RAW DATA ::

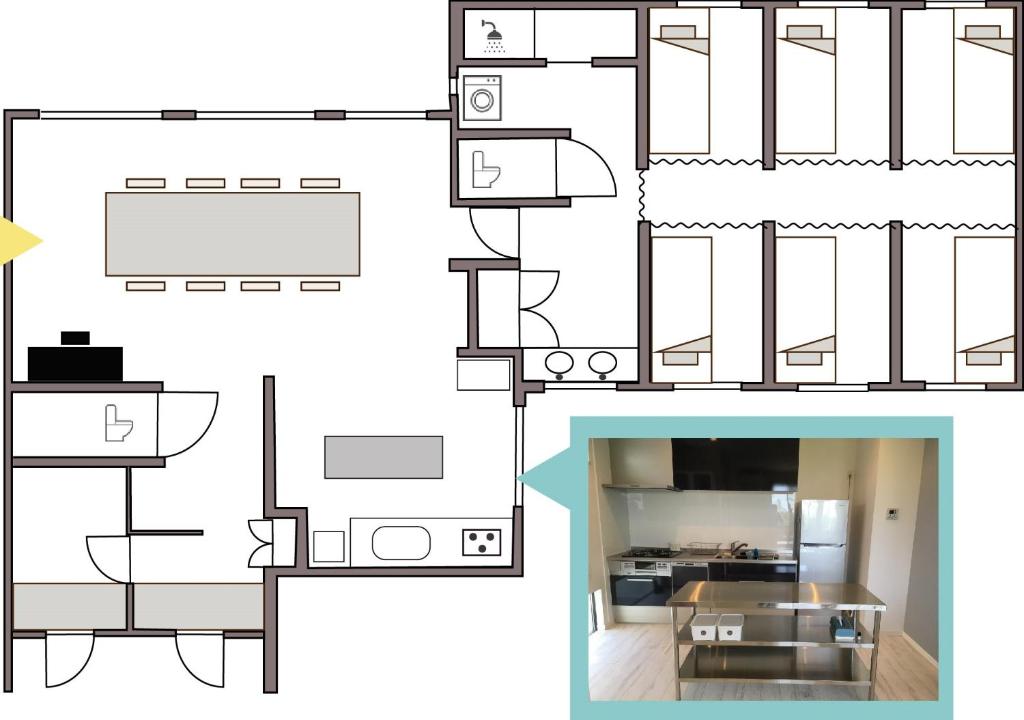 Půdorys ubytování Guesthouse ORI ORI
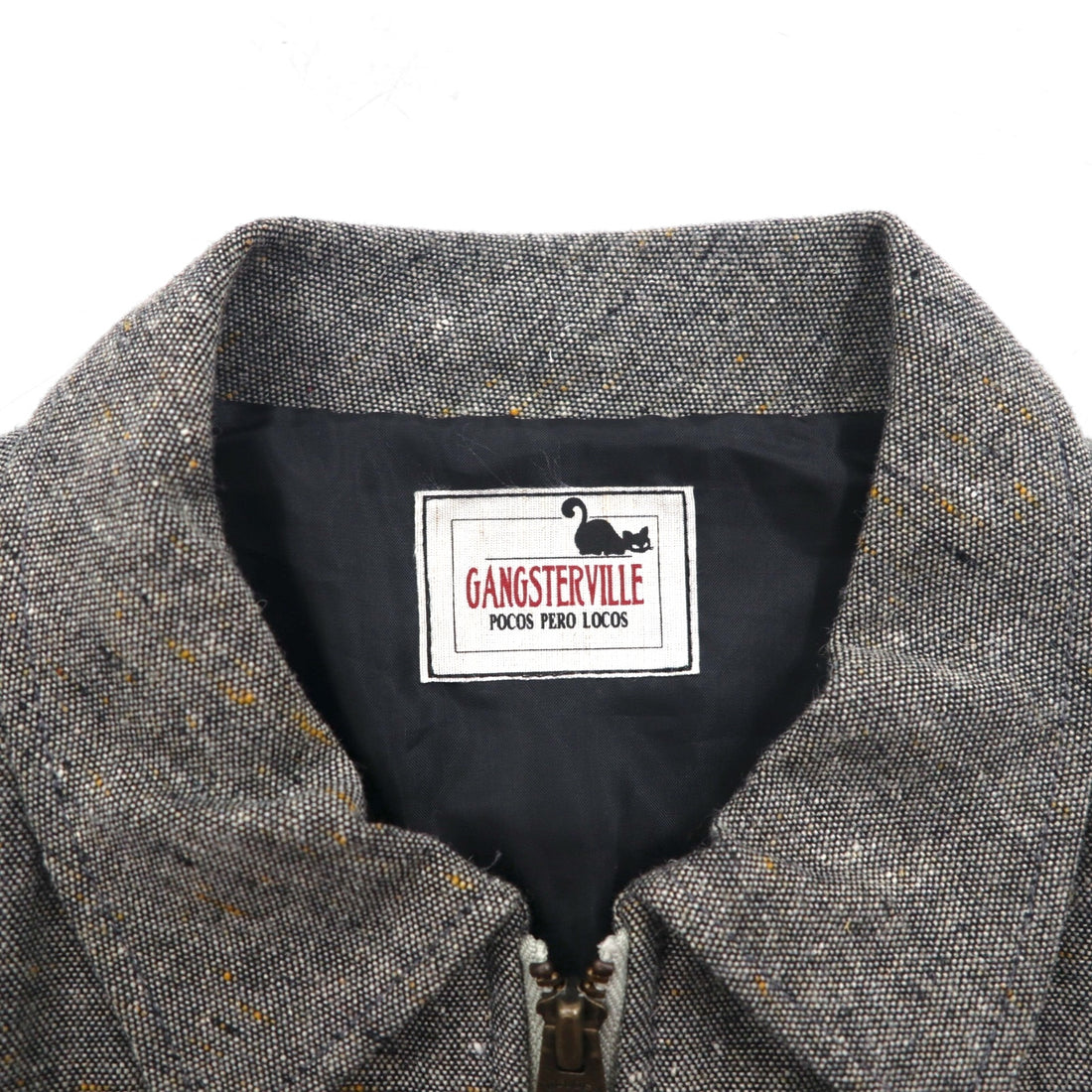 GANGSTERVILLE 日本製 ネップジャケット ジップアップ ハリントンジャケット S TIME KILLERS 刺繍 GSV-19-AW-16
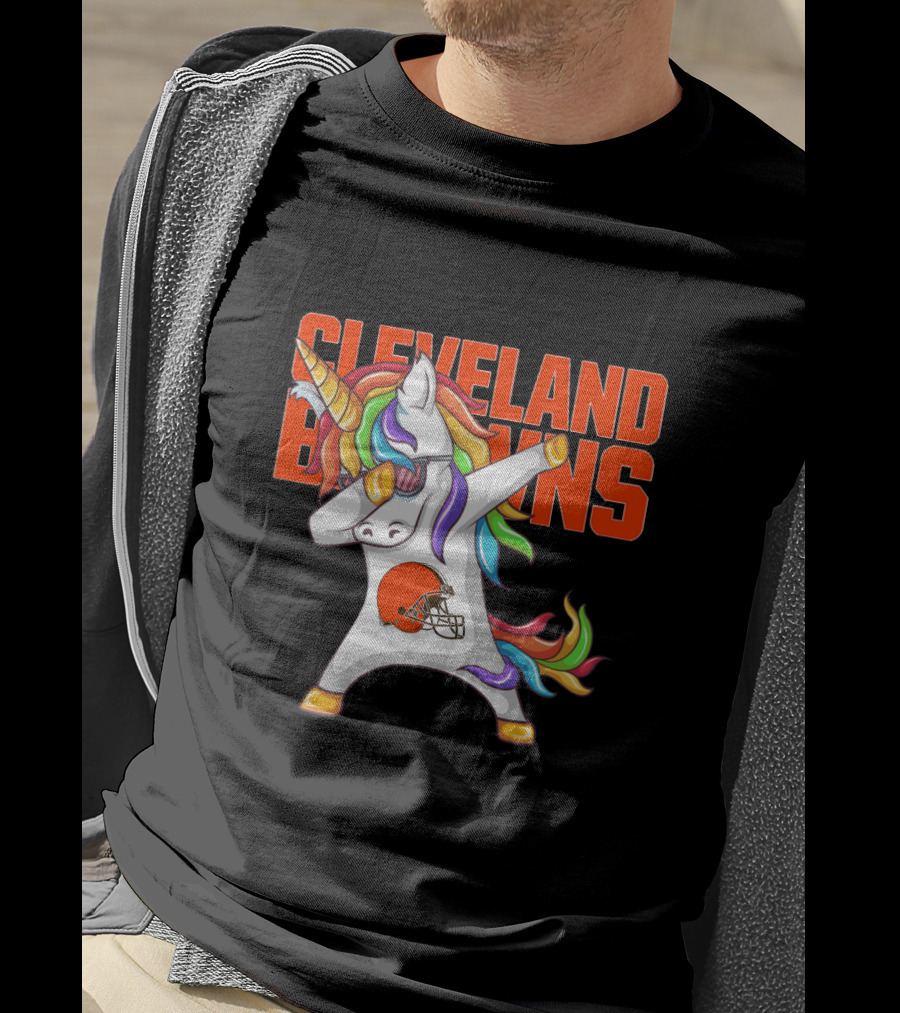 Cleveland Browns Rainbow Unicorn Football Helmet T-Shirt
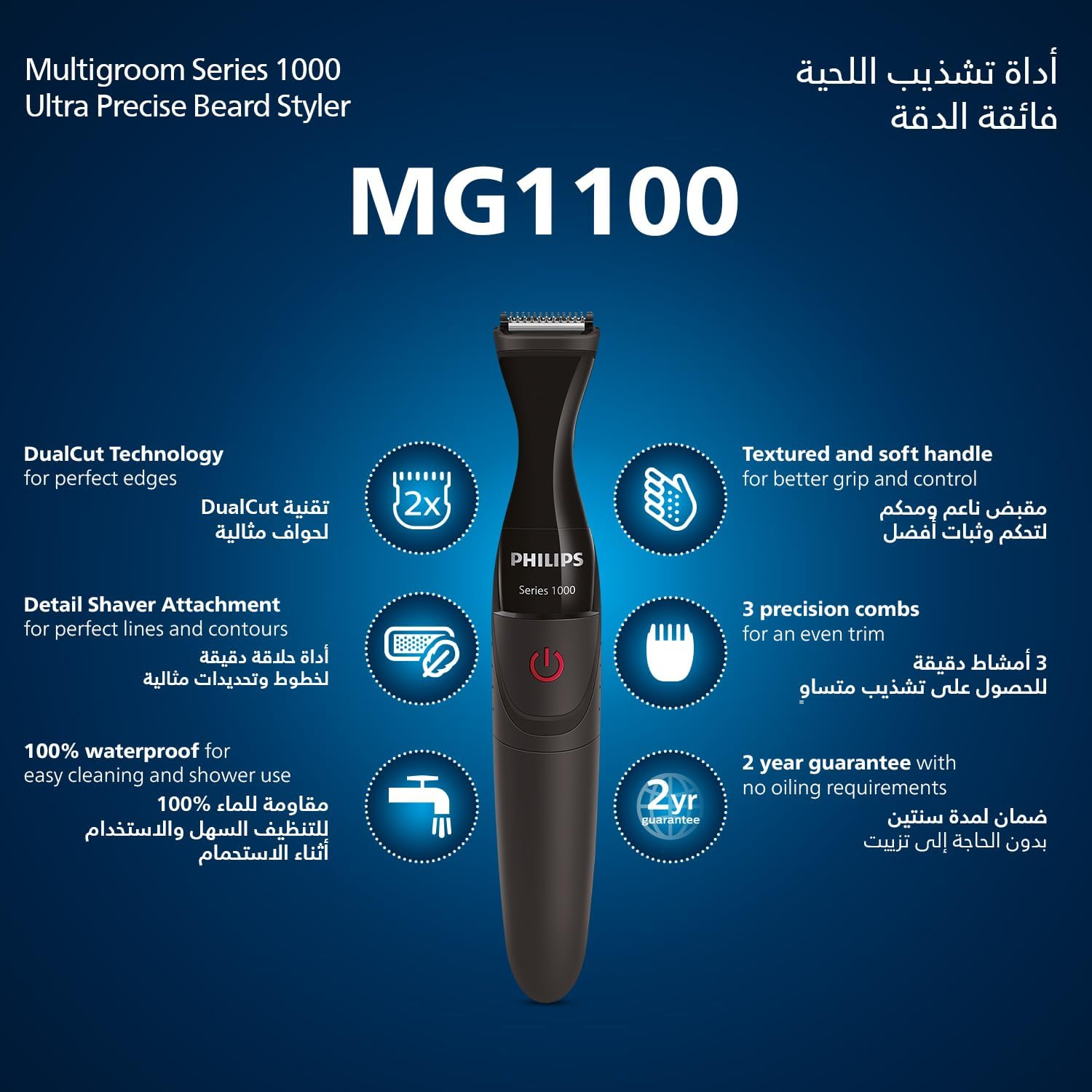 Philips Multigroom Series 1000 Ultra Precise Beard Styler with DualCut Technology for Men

TASK BRIEF :: Please copy out the material above exactly, with the images removed.

SOLUTION ::
 Půdorys ubytování Guesthouse ORI ORI
 GANGSTERVILLE 日本製 ネップジャケット ジップアップ ハリントンジャケット S TIME KILLERS 刺繍 GSV-19-AW-16
 Cleveland Browns Rainbow Unicorn Football Helmet T-Shirt
 Philips Multigroom Series 1000 Ultra Precise Beard Styler with DualCut Technology for Men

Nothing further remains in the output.